The Braemar Arena used the funds to purchase two new dehumidification units for the east and west ice rinks. The energy efficient dehumidifiers have the capacity to reduce the air-conditioning refrigeration system load by 30-40%. Dehumidification units result in energy savings by replacing the inefficient dehumidification process that is already performed by the refrigeration system. While the refrigeration system can only marginally dehumidify the arena, a system devoted entirely to dehumidifying the facility does a much more thorough job.

With the new dehumidifiers, the refrigeration system no longer has to work as hard, and the dehumidification process is more effective. This component is essential during the warmer months when humidity is high, causing the refrigeration system to underperform.

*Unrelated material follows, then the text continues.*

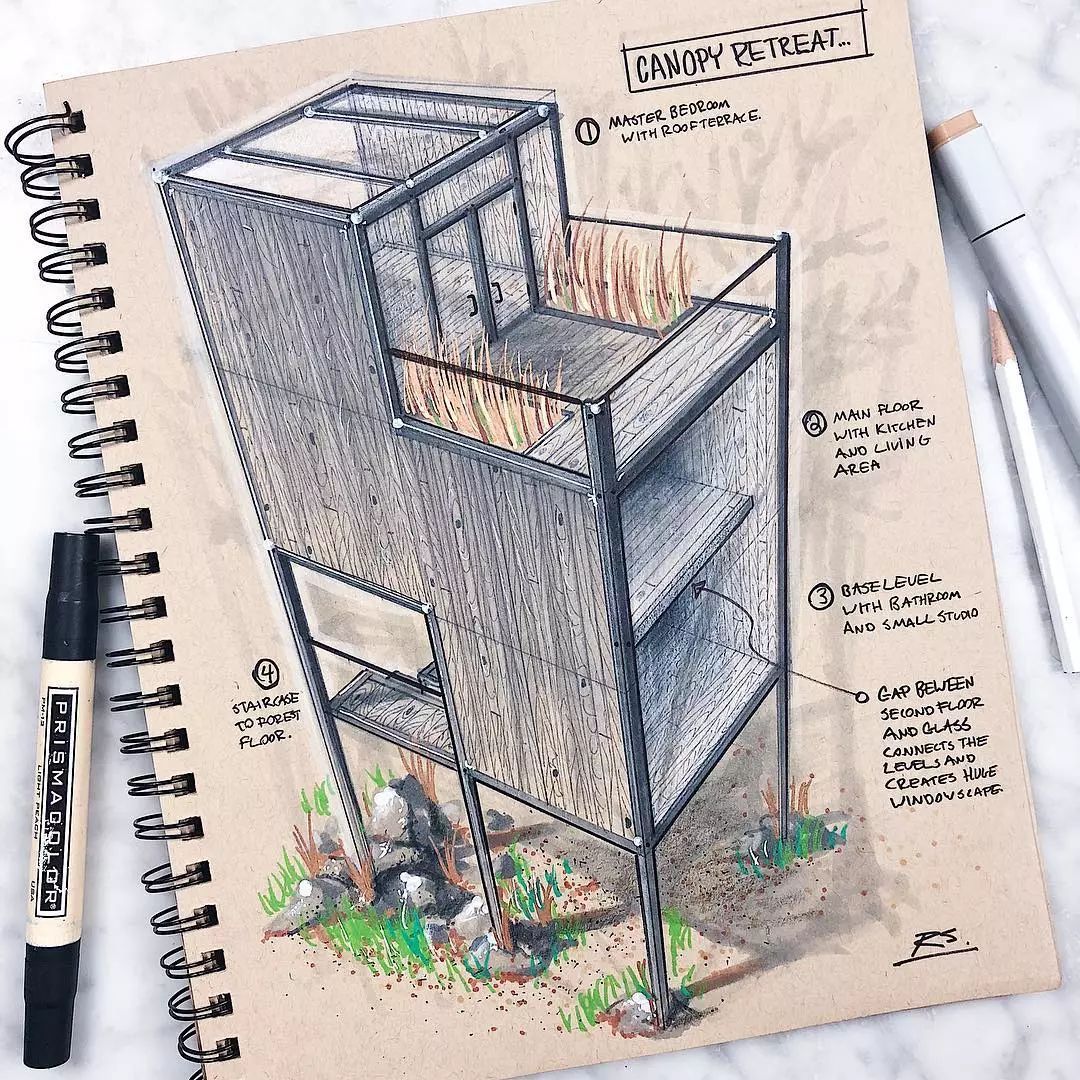 industrial design，Hand drawn book，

Without the dehumidifier, there can be a lot of fog in the rink and condensation on the windows and seats, causing stalagmites, mold spores, and even big puddles on the arena floors.

Before the new dehumidification unit installation, these issues posed a safety hazard to guests, required more labor to address, and resulted in a poorer quality rink for skaters. Doug Bauman, Operations Manager for the Braemar Arena, stated: “The arena no longer has condensation problems, and arena guests have reported that the rink is more comfortable to skate in or to sit and watch a game.” Improved comfort, along with labor and energy savings, have made the project successful.

The new dehumidifiers not only provide energy savings through a reduction of the refrigeration system load, but also through heating costs. The dehumidifiers on the east and west wings provide waste heat through everyday operation, which is used to heat other areas of the building, allowing the arena to spend less money on heating as well. “The boiler hardly ever runs now,” Bauman explained. The EECBG dehumidifier installation also provided arena and city staff an excellent impetus to complete other energy efficiency projects in the arena such as lighting retrofits and applying new sealant to weatherize the building and prevent energy loss.

The new project has not been in place long enough to predict long-term energy savings. According to Bauman, however, the project is still cost-effective: “While we can’t fully predict the overall energy and cost savings of the projects, the comfort and safety benefits have already made it well worth it.”

With several projects lined up for the future, efficiency efforts at the Braemar Arena are not yet finished. The facility is already undergoing an expansion to include a pro shop, new rooms for ice resurfacers, locker rooms, and another training facility. When asked whether energy efficiency would be considered for the expansion, Doug Bauman stated, “Definitely. Energy savings factor into every decision we make now, and we are trying to make the new facility cost-effective and energy efficient.”